Each successful act of corruption feeds the appetite for greater effort in the same direction and a corps of greedy men is built up throughout the country to stand up loyally for a government that thus quickly enriches the shrewd corrupters, all the time bamboozling the poor that they are serving the cause of their uplift.
And the Devil taking him up into an high mountain. shewed unto him all the kingdoms of the world in a moment of time. And the Devil said unto him, All this power will I give thee, and the glory of them; for that is delivered unto me; and to whomsoever I will, I give it. If thou therefore will worship me, all shall be thine. And Jesus answered and said unto him, get thee behind me, Satan.

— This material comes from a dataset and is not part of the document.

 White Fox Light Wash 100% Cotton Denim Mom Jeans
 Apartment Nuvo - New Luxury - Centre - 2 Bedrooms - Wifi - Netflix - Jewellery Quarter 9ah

If I did not see the Devil in this scheme of contact between officials and businessmen and the issue of small and big relative monopolies going by the fanciful name of 'socialistic pattern', I would not have revolted. But when I saw a great corrupting movement set in motion and all national and individual life brought under its baneful shadow, I felt it my duty to throw away all other considerations, and revolt without a thought as to whether I shall win or lose in this battle against heavy odds. When one sees a great evil, one must fight it. Otherwise, there is no purpose in life. I am not exaggerating the corruption. I had seen the finest official cadre in Asia working splendidly, and I have seen it now ruined completely under this evil system, and in a very short time. I have seen landslides of moral standards like mountain sides toppling down during an earthquake. I have seen callousness and greed replace all traditional sensibility and restraint, all ideas of swadharma. My great age and varied experience have enabled me to see the changes and contrasts, and the consequent distress is great.

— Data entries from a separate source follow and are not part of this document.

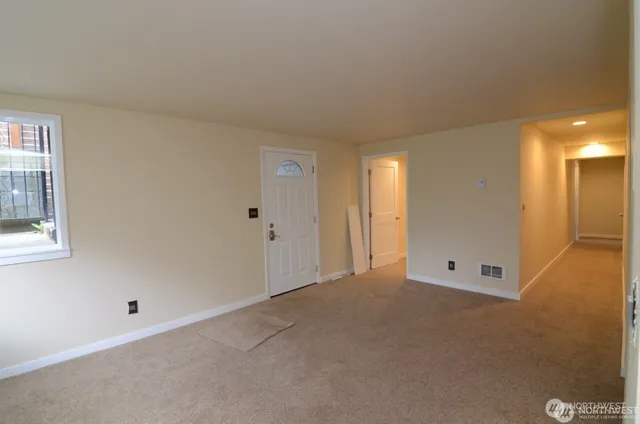 $2,795 | 1409 Northwest 65th Street, Unit 3, Seattle, WA 98117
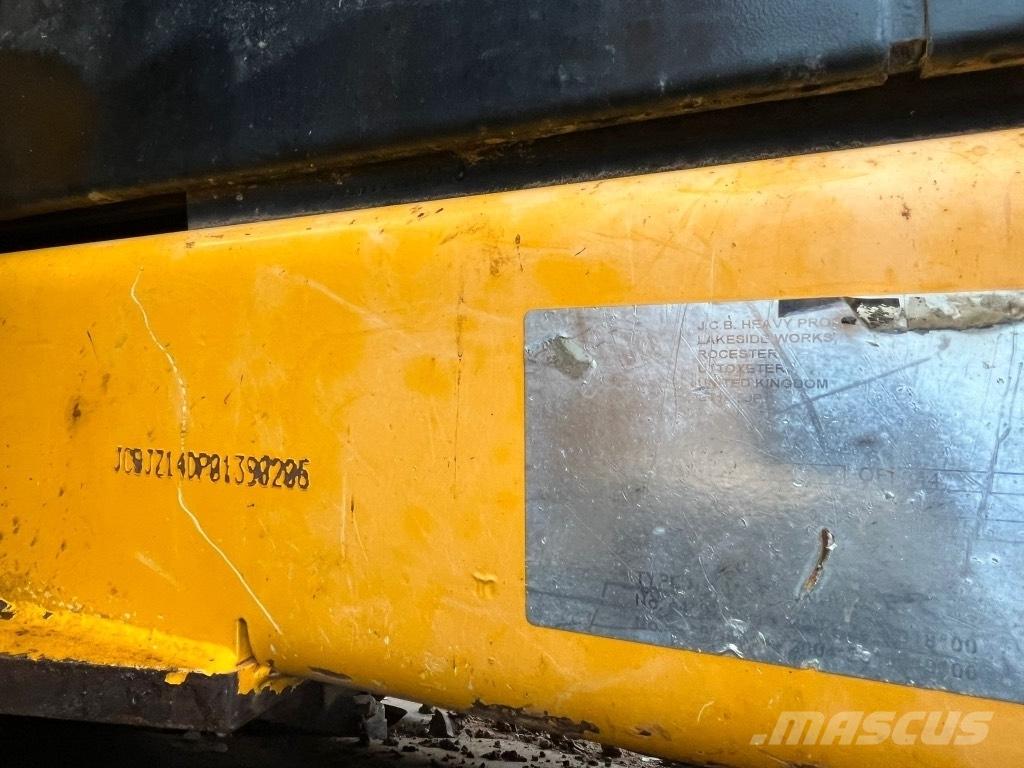 JCB JZ140 with blade Beltegraver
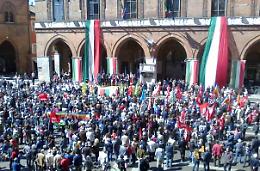 25 Aprile: corteo, contestazione e campane a festa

This is an attempt to explain why I have broken away from valuable friendships and time-honoured camaraderie, which to many is still a mystery and is cause for distress and adverse comment. The sacrifice of comradeship and affection that I have made now, giving up that precious possession, and earning displeasure and dislike in the highest quarters - these are no less a sacrifice than what I made when I was forty, and full of potential for worldly advancement, gave up my practice at the bar, grieved my aged father, withdrew my children from school and college, and went into the wilderness in 1920.
I have often thought of those days when a spirit of adventure and a passionate abhorrence of foreign rule helped one to undergo any sacrifice, when contemplating the present position in which I have dared to raise the white star against totalitarianism and corruption. One is not helped in this battle against one's own misguided colleagues, by any youthful spirit of adventure or hatred of foreign rule. At every step there is pain at having to do it.

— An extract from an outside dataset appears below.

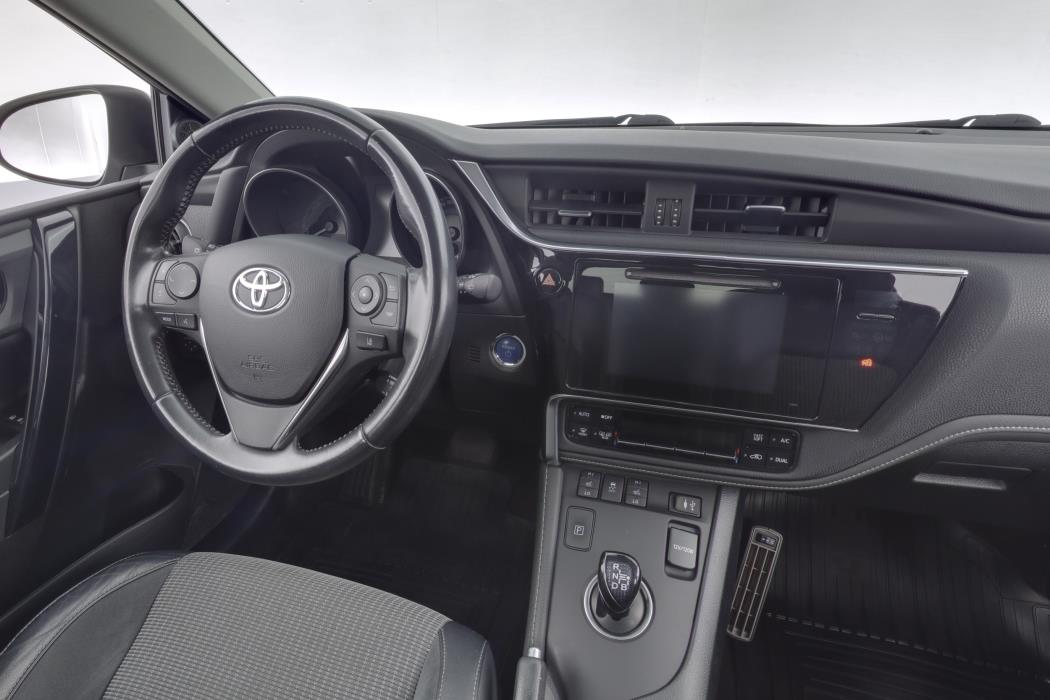 TOYOTA Auris 2018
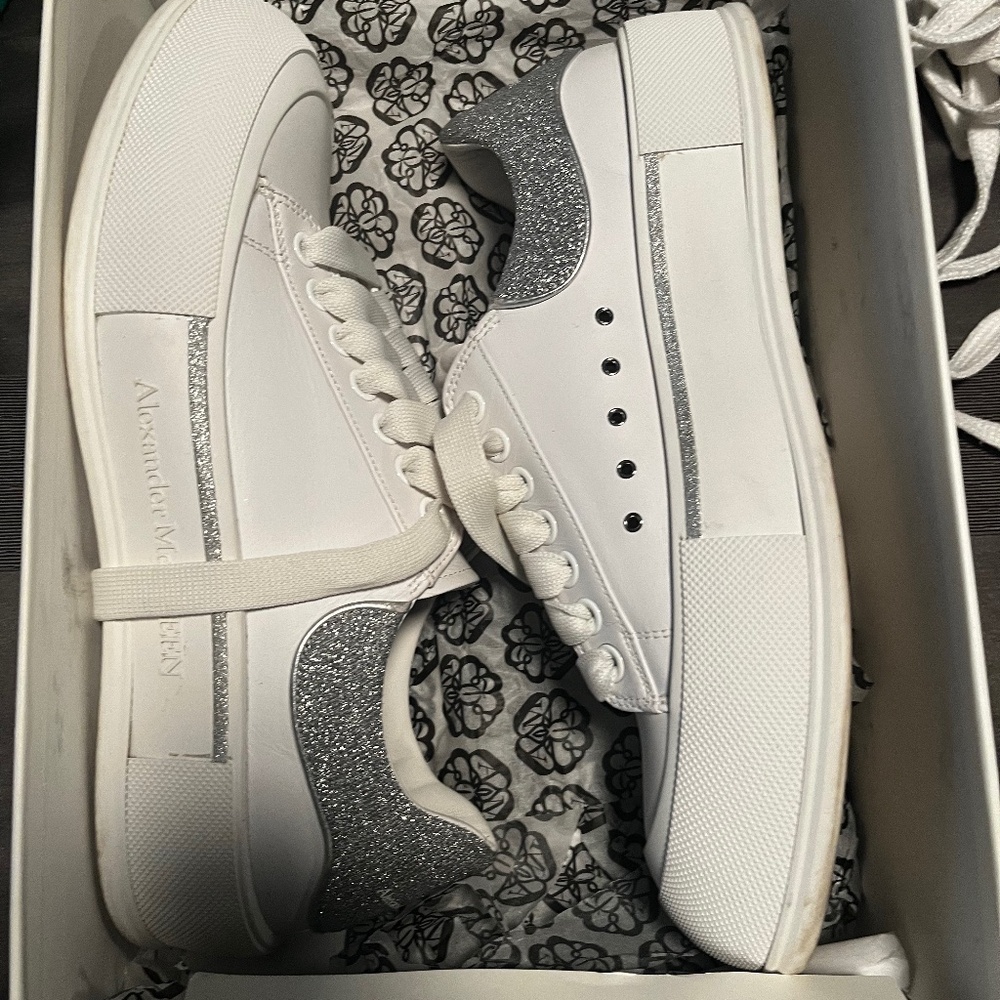 Alexander McQueen US11 italy/europe 44D White/Met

But should we not defend freedom, should we not defend democracy, should we not defend dharma? We must not allow India to be debased, mistaking mass selfishness for patriotism. We must love India and learn why we should love India. We must fight Statism, we must fight one-party rule, which has devised self-generating power to perpetuate itself, and we must stem the tide of greed and corruption. We must bring again into being a cadre of sternly honest officials to administer our affairs as was done till recently. It is a sacred duty, if there be any purpose in life and if we are not just spinning tops, spinning till death overtakes us and we go down to be re-absorbed into dead matter, tools mourning around the body that once was alive. When the morality of the nation and its elite is being undermined and threatened with destruction, there is no question of any alternative or surrender to superior force. We must fight and protect the soul of the nation from being overwhelmed and destroyed. It is the duty of each citizen to resist it to the utmost without waiting for others or counting the cost. For if the nation's morality is lost, there will be nothing thereafter to save.